When visiting nonliteral nodes (beginInternalNode()) for the first time, the caller may specify how many children the internal node has, if known. After all descendants of the node have been added, endInternalNode() is called. When leaf nodes that are labeled with strings are visited, addLiteralNode() is called.

Bulkload algorithm

We now describe the variant of the Kundu and Misra10 algorithm used in Natix. After giving a top-level explanation on how to extend the algorithm for our XML storage format, we elaborate on the details, using C++-like pseudocode to specify the routines involved.

Extending the Kundu and Misra Algorithm
As previously mentioned, three remaining issues need to be addressed by our algorithm: (1) the overhead weight associated with a physical record, (2) the ability to cluster siblings in order to reduce this overhead, and (3) ensuring that the leftmost siblings have a higher probability of being clustered with their parent than other siblings. The issue of overhead is dealt with in the detailed algorithm description below.

The possibility of sibling clustering introduces another degree of freedom when nodes are processed. Instead of choosing the “heaviest” child first when creating new subtrees, it is now possible to create an “artifical” heaviest child by grouping consecutive siblings together into one physical record. This also can be used to address our remaining issue: make clustering of leftmost children with their parent more likely. We can now store some of the rightmost children together in a separate physical record and, at the same time, keep a heavier child further to the left in the same cluster as its parent.

More precisely, instead of choosing the heaviest child to be assigned to a separate cluster from the parent, the bulkload algorithm combines some of the rightmost, unassigned, consecutive children of the currently processed node and clusters them into physical records smaller than the cluster limit. This amortizes the record overhead over several nodes. It also increases the likelihood of the leftmost children being clustered with the parent node. Unfortunately, these changes break the optimality assurance of the original algorithm. This demotes the Natix algorithm to a heuristic with respect to the minimum number of records generated. It is not clear how the bottom-up algorithm can be modified to address the issues above and still retain global optimality. In particular, whereas sibling clustering is desirable with respect to the number of generated clusters, it increases the search space of possible clusterings. We have not yet been able to find a linear-time algorithm that produces an optimal solution.

Since efficiency is of great importance for document import, we consider a slightly suboptimal clustering acceptable, as it can be done in linear time. The heuristic algorithm explained next generates very good clusterings in all observed cases. In particular, it outperforms the optimal solution without sibling clustering.

Detailed description of the Natix algorithm
The algorithm maintains a main-memory tree that consists of nodes that have not yet been assigned to a cluster. The main-memory tree nodes are stored using native C++ pointers for parent references and sets of child pointers in each node. The main-memory tree also includes main-memory versions for proxies referencing subtrees that have already been assigned to clusters and moved to physical records.

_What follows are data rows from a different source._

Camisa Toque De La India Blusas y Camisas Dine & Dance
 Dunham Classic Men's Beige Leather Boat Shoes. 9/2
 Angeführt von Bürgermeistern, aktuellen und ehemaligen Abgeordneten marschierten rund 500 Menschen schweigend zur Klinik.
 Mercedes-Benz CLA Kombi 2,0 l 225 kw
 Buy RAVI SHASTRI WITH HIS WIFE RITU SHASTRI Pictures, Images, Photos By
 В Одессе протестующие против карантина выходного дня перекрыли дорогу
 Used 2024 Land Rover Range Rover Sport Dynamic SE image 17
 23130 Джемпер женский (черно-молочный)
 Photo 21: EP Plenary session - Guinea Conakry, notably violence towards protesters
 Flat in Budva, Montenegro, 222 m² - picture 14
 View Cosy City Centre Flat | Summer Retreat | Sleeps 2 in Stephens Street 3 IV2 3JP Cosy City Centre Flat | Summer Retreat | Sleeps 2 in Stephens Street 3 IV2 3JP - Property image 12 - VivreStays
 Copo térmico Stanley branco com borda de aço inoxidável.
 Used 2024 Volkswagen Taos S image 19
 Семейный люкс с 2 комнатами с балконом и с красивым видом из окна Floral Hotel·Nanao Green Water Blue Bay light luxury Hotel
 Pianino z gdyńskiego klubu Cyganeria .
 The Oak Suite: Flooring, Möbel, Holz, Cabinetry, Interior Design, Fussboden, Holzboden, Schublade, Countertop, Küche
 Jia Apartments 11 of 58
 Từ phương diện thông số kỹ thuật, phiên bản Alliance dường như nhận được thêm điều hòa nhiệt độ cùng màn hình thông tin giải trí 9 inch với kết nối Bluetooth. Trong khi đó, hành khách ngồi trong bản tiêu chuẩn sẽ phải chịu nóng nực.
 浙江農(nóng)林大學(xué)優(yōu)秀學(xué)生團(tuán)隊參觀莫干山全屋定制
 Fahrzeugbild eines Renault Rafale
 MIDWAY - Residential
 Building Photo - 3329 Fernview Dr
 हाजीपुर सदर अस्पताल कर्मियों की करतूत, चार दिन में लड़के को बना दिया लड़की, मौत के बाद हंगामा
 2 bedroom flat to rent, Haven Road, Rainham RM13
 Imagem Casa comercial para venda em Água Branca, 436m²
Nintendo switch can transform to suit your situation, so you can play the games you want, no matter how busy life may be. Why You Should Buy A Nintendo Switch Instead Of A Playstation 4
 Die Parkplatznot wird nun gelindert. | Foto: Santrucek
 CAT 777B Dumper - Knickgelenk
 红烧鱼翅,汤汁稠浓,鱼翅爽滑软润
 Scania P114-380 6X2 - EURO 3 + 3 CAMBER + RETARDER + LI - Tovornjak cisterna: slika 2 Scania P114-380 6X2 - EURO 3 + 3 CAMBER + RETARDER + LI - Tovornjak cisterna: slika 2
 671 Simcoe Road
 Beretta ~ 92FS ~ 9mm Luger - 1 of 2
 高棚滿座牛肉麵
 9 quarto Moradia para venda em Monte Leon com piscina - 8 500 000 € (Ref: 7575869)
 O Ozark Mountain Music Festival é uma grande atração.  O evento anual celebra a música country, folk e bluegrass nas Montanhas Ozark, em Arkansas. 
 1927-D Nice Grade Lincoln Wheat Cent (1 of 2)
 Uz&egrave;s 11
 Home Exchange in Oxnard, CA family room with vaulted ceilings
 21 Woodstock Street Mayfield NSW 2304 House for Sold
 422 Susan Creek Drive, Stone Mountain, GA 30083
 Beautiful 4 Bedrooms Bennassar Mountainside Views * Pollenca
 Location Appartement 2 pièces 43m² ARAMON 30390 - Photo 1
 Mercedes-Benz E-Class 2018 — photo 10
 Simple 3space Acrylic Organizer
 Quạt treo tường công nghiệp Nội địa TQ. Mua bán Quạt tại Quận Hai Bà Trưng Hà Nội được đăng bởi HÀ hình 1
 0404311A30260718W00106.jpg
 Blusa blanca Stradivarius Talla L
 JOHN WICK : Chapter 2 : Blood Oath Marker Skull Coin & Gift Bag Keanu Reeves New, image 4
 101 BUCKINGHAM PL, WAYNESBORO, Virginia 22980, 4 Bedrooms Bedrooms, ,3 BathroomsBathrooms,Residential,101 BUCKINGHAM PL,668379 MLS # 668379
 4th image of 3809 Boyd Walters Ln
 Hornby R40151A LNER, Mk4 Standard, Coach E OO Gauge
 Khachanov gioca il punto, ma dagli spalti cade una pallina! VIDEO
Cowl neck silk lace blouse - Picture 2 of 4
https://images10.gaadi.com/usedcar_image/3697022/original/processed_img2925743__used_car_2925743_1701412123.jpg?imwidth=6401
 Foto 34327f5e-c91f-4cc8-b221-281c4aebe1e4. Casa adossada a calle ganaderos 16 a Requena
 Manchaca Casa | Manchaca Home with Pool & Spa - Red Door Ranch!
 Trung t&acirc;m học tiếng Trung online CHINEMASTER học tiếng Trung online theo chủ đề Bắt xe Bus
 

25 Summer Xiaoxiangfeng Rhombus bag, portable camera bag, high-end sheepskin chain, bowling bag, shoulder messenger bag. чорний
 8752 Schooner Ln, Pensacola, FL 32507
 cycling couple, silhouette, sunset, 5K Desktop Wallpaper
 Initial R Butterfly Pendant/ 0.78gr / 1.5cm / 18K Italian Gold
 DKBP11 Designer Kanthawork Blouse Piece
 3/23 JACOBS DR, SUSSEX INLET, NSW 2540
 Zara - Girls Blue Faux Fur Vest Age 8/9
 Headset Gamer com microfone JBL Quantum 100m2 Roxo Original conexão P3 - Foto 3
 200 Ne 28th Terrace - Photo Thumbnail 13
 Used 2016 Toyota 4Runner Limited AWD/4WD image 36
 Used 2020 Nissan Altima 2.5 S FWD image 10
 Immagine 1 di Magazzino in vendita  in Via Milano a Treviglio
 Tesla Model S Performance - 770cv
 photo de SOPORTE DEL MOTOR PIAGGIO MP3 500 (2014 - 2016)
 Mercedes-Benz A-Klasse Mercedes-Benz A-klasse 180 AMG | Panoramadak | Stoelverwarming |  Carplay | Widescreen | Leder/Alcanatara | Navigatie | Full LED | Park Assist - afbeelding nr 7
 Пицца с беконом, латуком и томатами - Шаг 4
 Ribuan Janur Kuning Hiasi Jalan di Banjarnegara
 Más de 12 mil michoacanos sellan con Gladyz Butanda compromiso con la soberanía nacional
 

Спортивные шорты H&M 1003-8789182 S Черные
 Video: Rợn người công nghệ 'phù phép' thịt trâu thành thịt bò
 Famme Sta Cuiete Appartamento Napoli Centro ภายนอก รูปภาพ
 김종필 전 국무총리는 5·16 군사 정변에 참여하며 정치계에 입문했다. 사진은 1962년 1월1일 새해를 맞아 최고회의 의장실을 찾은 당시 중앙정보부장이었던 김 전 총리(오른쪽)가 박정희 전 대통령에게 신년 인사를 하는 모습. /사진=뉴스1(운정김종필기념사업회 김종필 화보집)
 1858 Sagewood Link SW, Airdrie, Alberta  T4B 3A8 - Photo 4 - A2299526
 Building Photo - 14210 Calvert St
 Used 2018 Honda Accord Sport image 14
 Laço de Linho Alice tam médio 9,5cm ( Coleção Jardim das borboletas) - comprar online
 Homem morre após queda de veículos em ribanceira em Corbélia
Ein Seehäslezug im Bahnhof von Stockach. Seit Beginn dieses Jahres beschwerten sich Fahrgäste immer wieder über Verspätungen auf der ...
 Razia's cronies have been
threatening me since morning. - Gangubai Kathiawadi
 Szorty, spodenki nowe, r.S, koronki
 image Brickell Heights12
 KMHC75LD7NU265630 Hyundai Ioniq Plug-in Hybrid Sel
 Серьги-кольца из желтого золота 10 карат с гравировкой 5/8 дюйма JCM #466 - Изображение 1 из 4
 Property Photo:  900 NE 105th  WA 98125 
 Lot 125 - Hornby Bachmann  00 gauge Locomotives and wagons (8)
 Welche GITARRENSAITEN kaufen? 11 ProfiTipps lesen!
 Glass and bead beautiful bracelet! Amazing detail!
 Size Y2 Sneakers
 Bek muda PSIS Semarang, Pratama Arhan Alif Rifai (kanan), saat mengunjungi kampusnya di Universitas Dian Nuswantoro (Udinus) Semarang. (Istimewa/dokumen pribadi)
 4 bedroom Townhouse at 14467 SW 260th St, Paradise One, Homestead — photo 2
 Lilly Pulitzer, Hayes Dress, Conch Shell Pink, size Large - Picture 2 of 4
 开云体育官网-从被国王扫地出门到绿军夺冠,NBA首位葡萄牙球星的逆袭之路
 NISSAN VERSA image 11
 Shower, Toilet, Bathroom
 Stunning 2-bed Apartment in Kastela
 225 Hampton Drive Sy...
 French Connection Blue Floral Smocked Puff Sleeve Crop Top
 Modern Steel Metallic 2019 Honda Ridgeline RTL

The worst-case size of this main-memory tree is proportional to the height of the document tree, that is, the maximal path length from the root node to a leaf node in the document. This property is ensured by keeping, on each level, only as many nodes as fit within a certain configured memory limit, which is an integer multiple of the cluster limit.

The bulkload operation starts with an empty main-memory tree. Every call to the interface functions to construct the document adds a new main-memory node. Whenever the main memory-tree exceeds a memory limit, a cluster of main-memory nodes is transferred to a record on secondary storage.

To simplify the exposition, we only describe the beginInternalNode() and endInternalNode() functions. Calls to addLiteralNode() can be regarded as calls to beginInternalNode() immediately followed by endInternalNode().

The beginInternalNode() function simply adds the new node to the main-memory tree (Figure 4). When endInternalNode() is called (Figure 5), the current node's subtree has been completely visited by the depth-first traversal, and it can be processed. The function pruneCurrentCluster() is called to ensure that the node's subtree is smaller than the cluster limit. Then the parent of the current node becomes the new current node, and its weight is increased by the subtree weight of the node for which endBulkload() was called. Finally, if the size of the main-memory tree below the current node has reached a certain constant threshold, we start to create physical records to reduce the amount of memory occupied by the bulkload, even if the cluster limit has not been reached. The threshold, known as memory limit, is the cluster limit multiplied by an integer m (memory factor). In the section “Evaluation,” we show that for memory factor values greater than the Natix default m = 5, the performance gains are negligible.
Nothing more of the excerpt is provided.